Mozambique: Bus Company Protests Against Suspension

Maputo — A Mozambican bus company whose activities have been suspended for three months by the Transport Ministry has claimed that this decision is the work of its competitors.

Last week, Transport Minister Gabriel Muthisse ordered the Nampula-based company, Maning Nice, off the roads. The suspension was to begin on 14 April and would be reviewed after three months.

The reason given for the ban was the unacceptably high number of accidents involving Maning Nice. Over the past three years, Maning Nice buses have been involved in seven accidents, resulting in 14 deaths. 94 other people were injured. The accidents were blamed on excessive speed.

The company's lawyer, Pedro Ernesto, cited by the independent television station STV, denied the Transport Ministry's claim that Maning Nice had been warned, through fines and meetings, without any effect. He said that at no moment had the company received any written warning or complaint about the behaviour of its drivers.

There had been just one meeting, chaired by the General Commander of the police, Jorge Khalau, attended by several transport companies, including Maning Nice. Ernesto claimed that during the meeting Khalau had expressed an interest in closing down Maning Nice.

Ernesto said that “high ranking figures in the Ministry of the Interior” (whom he did not name), and who have interests in inter-provincial passenger transport, had persuaded Muthisse to suspend Maning Nice. In other words, he accused the Minister of favouring his company's competitors.

Ernesto promised to activate all possible administrative and legal mechanisms to convince the government to reconsider its decision.
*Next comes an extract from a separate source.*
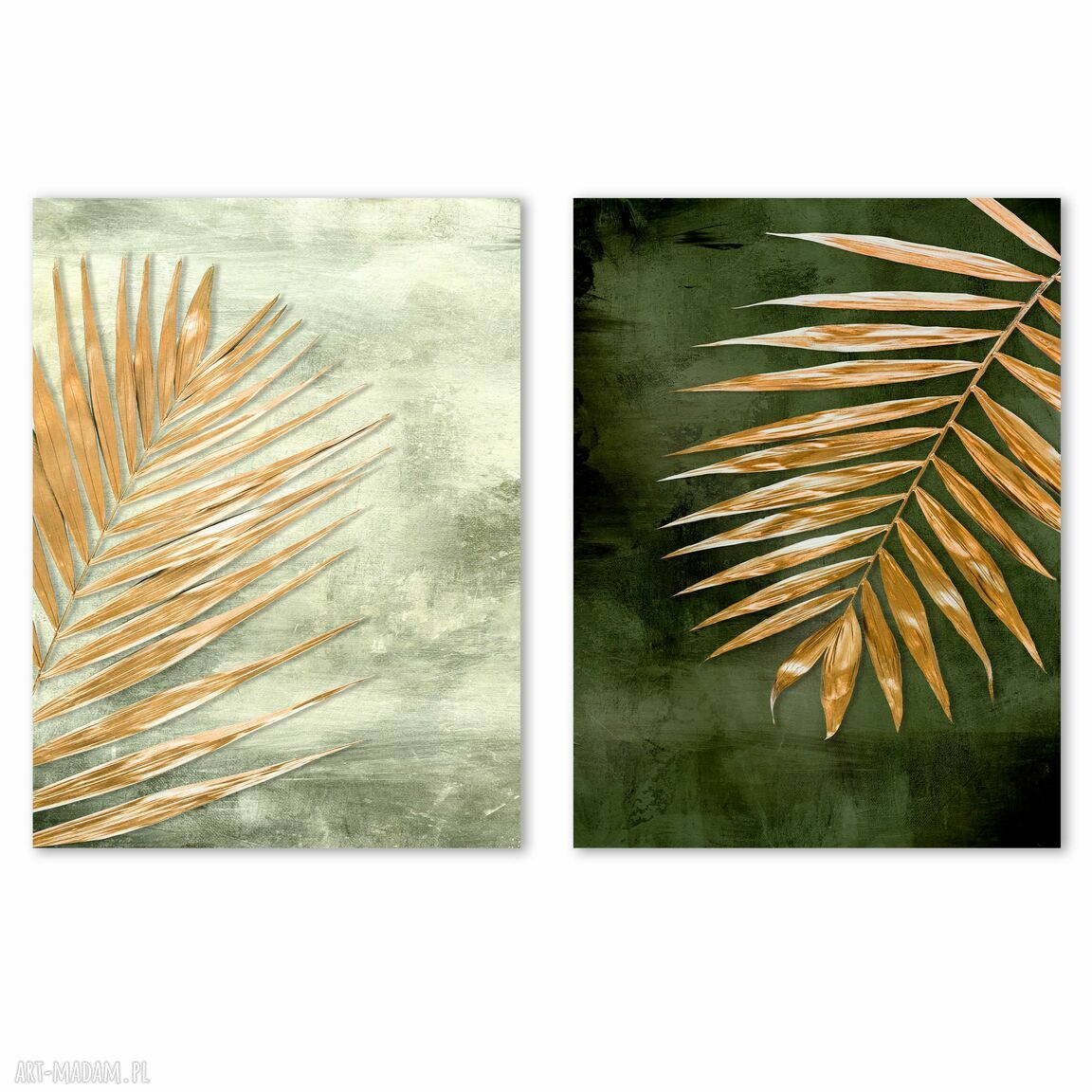 Zestaw plakatów 2 części 40x50 cm - liście palmy (set25)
He said the suspension damaged the interests of the company, its workers and the travelling public.

He also urged the Ministry to compare Maning Nice's safety record with that of other companies operating on the same routes.

But the Association of Mozambican Transporters (AMOTRANS) applauded the suspension and urged the Ministry to do the same to other companies found to be endangering their passengers.

AMOTRANS Managing Director Paulino Muthisse said “the suspension is welcome, because we have been witnessing the loss of human lives on the public highway, and the owners of the companies are doing nothing to improve the situation”.

He said the root of the problem was the targets set by the employers. “It's systematic”, he said. “The companies have targets and timetables, and to achieve them the drivers do not respect speed limits. As a result lives are lost”.

Paulino Muthisse did not believe that the suspension of Maning Nice would seriously affect passenger transport. “We have enough buses to meet the demand”, he said.